La démocratie, ce n'est pas simplement voter. La démocratie libérale est un régime majoritaire limité par des garanties durables : des droits qui ne peuvent pas être révoqués par un enthousiasme temporaire, des institutions qui ne cèdent pas à l'ambition, un pluralisme qui protège les opposants autant que les

partisans.

Sans contraintes libérales, la démocratie devient procédurale. Avec eux, ça devient stable.

Le débat autour de Reza Pahlavi, et de tout leader potentiel, devrait donc changer.
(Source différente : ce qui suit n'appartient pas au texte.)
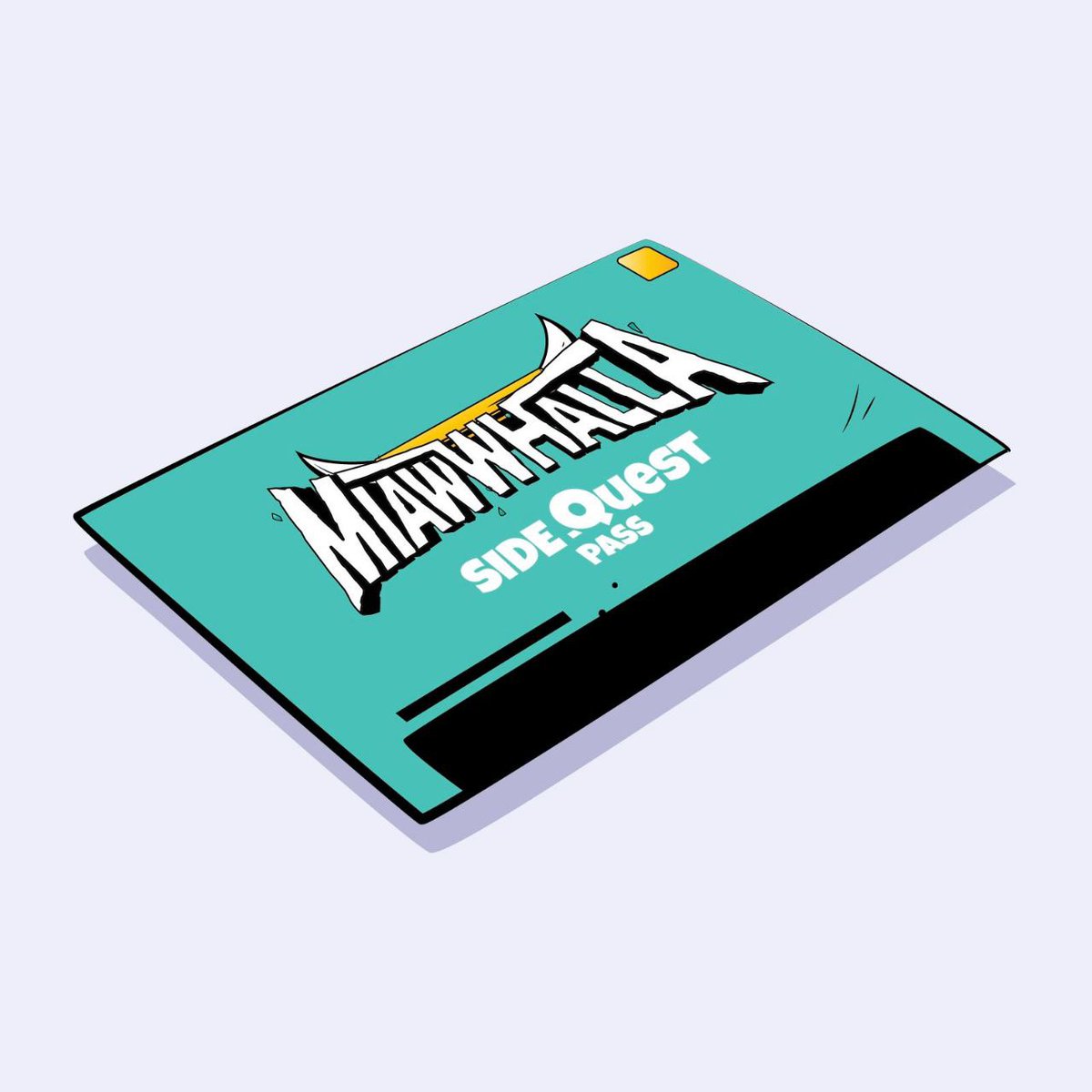 ✨ Introducing the Sidequest Pass, our precious reward from Miawwhalla Season 1 Ep 1. ✨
Le soutien ou l'opposition ne devraient pas dépendre uniquement du symbolisme ou des promesses électorales, mais de la structure.

Ajustez le support selon une norme simple : non pas si un leader peut gagner, mais s'il s'engage à être liée.

  • Liée par une charte des droits claire.
  • Limitée par les limites du pouvoir exécutif.
  • Limitée par un espace d'opposition garanti.
  • Liée par un mandat défini et limité dans le temps.

Rien de moins laisse trop de place à la confiance.

La prudence est compréhensible. Mais la prudence qui empêche de coopérer jusqu'à ce que la perfection soit atteinte risque d'empêcher les garanties recherchées.

Exigez la clarté constitutionnelle avant de faire allégeance.

Demandez non seulement ce qu'un leader promet de faire, mais aussi ce qui l'empêchera de le faire une fois qu'il aura réussi à le faire.

Parce que dans les périodes de transition, l'allégeance aux personnalités est éphémère. L'architecture perdure.

Et en fin de compte, c'est l'architecture, et non l'architecte, qui déterminera si le prochain chapitre de l'Iran marque une nouvelle rupture ou le début d'une république durable.